Conflict of interest policy: As fiduciaries, board members have a Duty of Loyalty to the organization and should disclose any conflicts of interest and abstain from voting on matters. For example, if your organization’s treasurer also works for an accounting firm, s/he should disclose that on the conflict of interest form. That way, when it is time to find an auditor for the organization, it is known the treasurer works for an entity that could benefit from completing the organization’s audit and s/he will abstain from voting on the matter. A conflict of interest policy should define what a conflict is, how it should be managed, and what action is taken if someone fails to comply with the policy.
Robert’s Rules of Order training: Robert’s Rules of Order is a manual that provides parliamentary procedure and is utilized by most board of directors. Robert’s Rule of Order were developed to ensure meetings are fair and orderly. A nonprofit board of directors should employ Robert’s Rule to ensure all board members are heard on matters. Training on Robert’s Rules of Order is important as most board chairs do not use Robert’s Rules regularly and the efficiency of board meetings can be significantly helped when the board knows how to properly employ Robert’s Rules. Boards and organizations can take part in online trainings or have a consultant conduct an in-person training. The Oklahoma Center for Nonprofits can help member nonprofits find a qualified trainer.
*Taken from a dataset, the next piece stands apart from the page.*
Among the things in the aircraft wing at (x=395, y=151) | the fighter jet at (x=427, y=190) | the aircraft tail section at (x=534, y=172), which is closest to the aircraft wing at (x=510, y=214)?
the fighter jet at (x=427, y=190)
Board term limits: As mentioned above, board terms limits should be contained in the organizational bylaws. Why is it important to have and enforce board term limits? Having a long-standing, knowledgeable board member can be valuable to an organization, but in order to provide new perspectives, strategic approaches, and fresh oversight, regularly bringing on new board members is necessary. Good board members will take their duties as a fiduciary seriously, exhibit servant leadership, and follow policies and procedures. If your board is failing to enforce board terms limits (which should be specified in bylaws or board policies), they are failing to complete their duties of fiduciaries. The board and organization should ensure board term limits are set along with the number of terms a board member can serve consecutively. Board policies or organizational bylaws should also contain a written process for resigning and reasons for removal from the board. Development and enforcement of board term policies allow organizations to continue their growth, outreach within the community, provide board members with breaks to avoid burn-out and show funders the organization’s board takes their fiduciary duties seriously.
Officer and committee descriptions: Board members can only be as effective as their job description is written. Officer and Committee duties should be contained in the organizational bylaws, but boards can help further define expectations by creating detailed descriptions. Officer positions are vital to the board’s functioning, and a comprehensive description of their duties not only provides valuable direction to the members of those committees, but reflects the detailed needs of the organization.
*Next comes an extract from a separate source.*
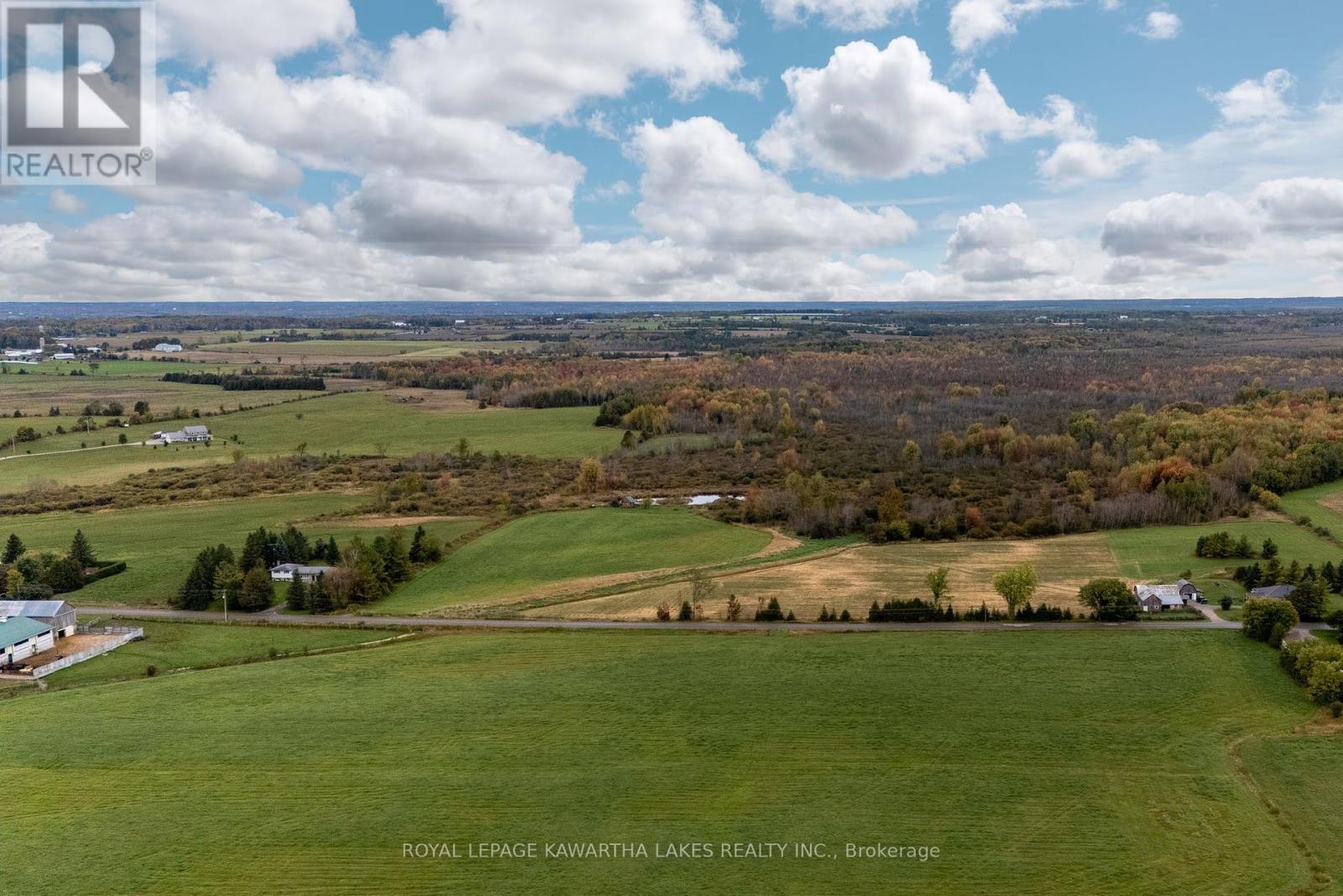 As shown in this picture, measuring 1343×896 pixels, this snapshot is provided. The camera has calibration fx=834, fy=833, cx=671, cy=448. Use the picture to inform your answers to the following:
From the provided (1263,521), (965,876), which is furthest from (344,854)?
(1263,521)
This list of guiding documents is not exhaustive. Boards need many other documents to effectively do their jobs.
When a new board member joins your organization’s board the board handbook provided at orientation should include financials, an organizational chart, welcome letter, and other documents the board deems necessary like a meeting schedule or recent agendas and minutes. Ensuring your organization provides a comprehensive board orientation and regularly reviews the above documents will help your board evaluate necessary documents and language use specific to your organization’s needs.